* WHAT TO WORK ON *
Could you write out, exactly as they stand, only the lines in the listing below from the line with "For BMW R1100GS" to the line with "2026 HONDA N-BOX CUSTOM", both ends included, without the pictures?
#### INPUT DATA ####
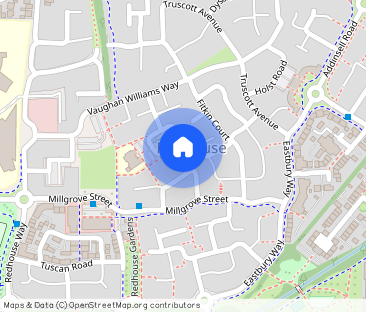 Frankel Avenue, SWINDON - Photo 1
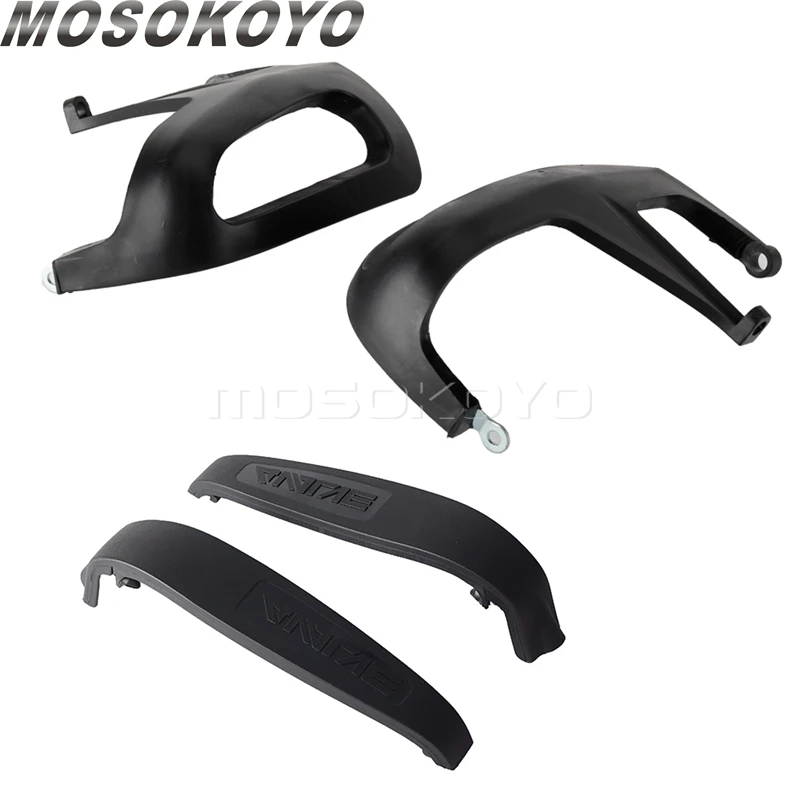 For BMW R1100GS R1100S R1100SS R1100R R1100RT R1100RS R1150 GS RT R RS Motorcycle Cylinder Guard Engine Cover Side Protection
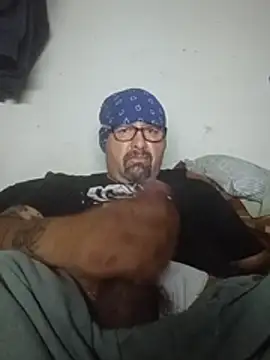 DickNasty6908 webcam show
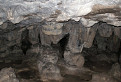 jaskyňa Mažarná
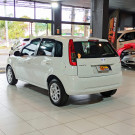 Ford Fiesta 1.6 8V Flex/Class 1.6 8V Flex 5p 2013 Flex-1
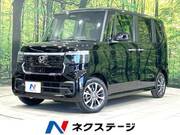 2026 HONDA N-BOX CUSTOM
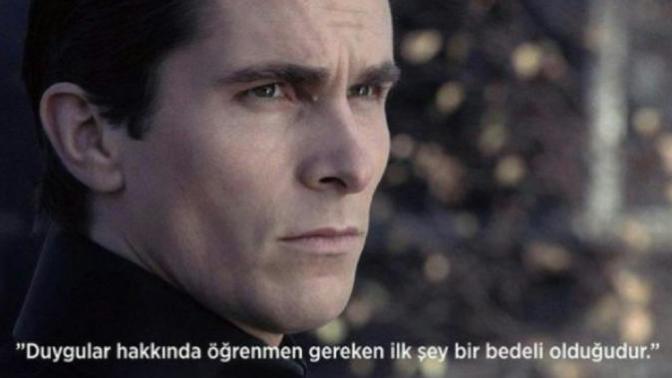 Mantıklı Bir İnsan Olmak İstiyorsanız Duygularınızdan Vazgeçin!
####
#### INPUT DATA ####
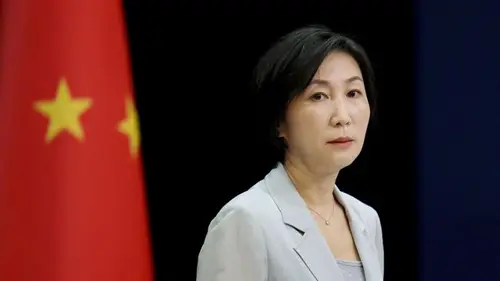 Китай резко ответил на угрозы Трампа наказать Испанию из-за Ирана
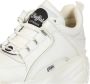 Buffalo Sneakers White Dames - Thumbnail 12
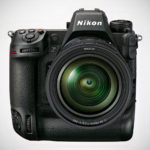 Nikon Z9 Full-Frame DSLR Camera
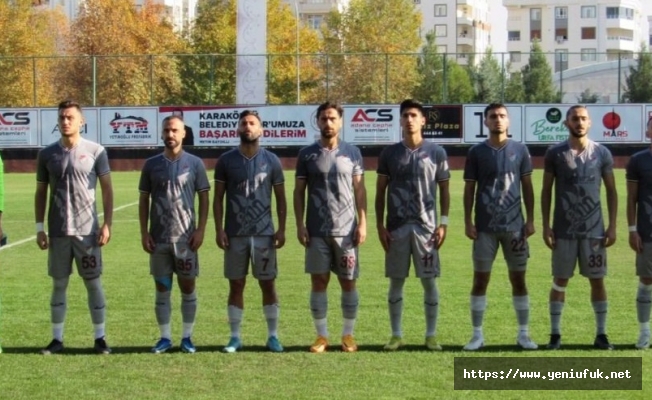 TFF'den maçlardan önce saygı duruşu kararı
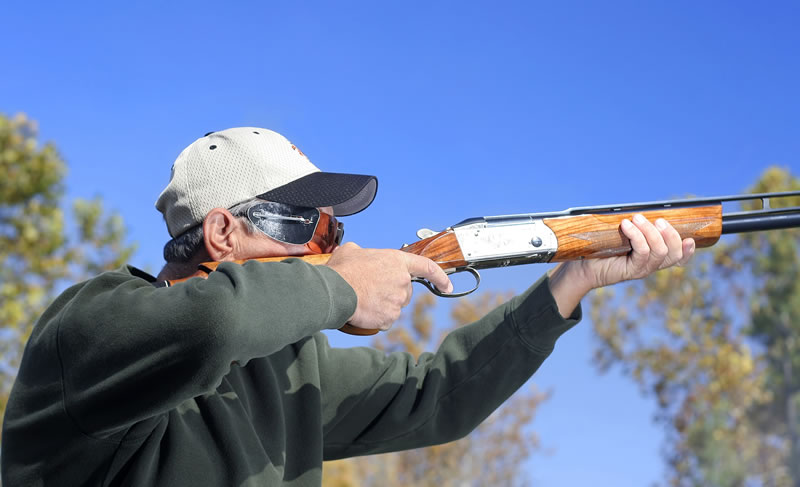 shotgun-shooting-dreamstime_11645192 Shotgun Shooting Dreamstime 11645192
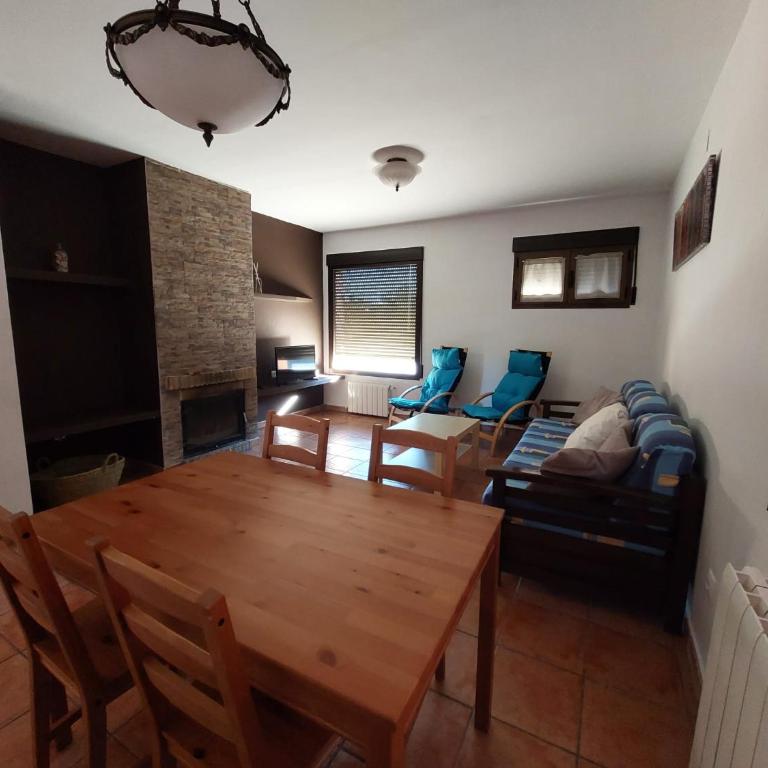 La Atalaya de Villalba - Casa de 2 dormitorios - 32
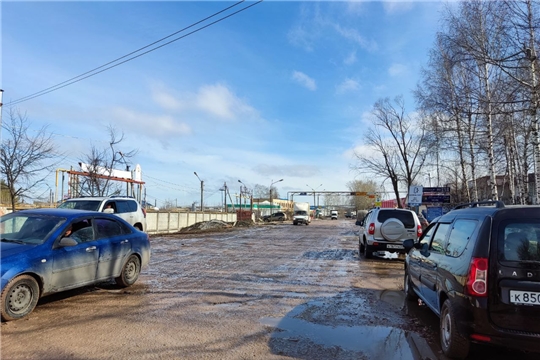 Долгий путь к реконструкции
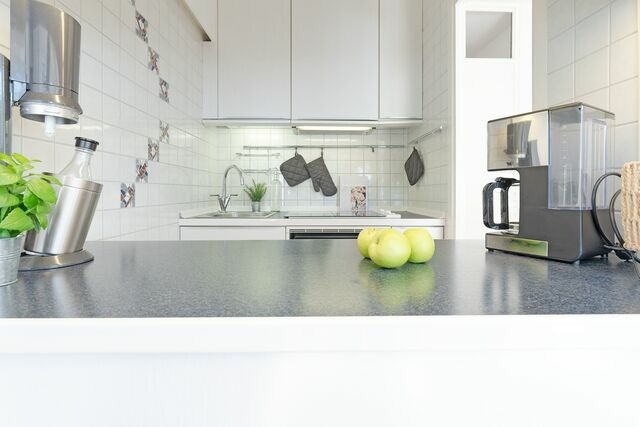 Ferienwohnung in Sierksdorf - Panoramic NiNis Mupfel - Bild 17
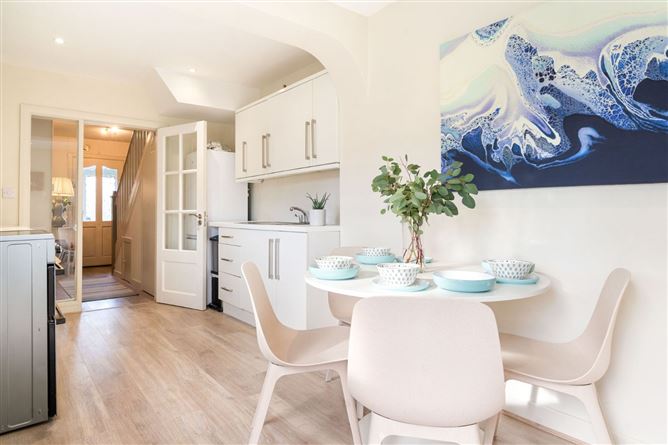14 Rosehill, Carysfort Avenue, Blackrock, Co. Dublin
####
* SOLVED EXERCISE *
 For BMW R1100GS R1100S R1100SS R1100R R1100RT R1100RS R1150 GS RT R RS Motorcycle Cylinder Guard Engine Cover Side Protection
 DickNasty6908 webcam show
 jaskyňa Mažarná
 Ford Fiesta 1.6 8V Flex/Class 1.6 8V Flex 5p 2013 Flex-1
 2026 HONDA N-BOX CUSTOM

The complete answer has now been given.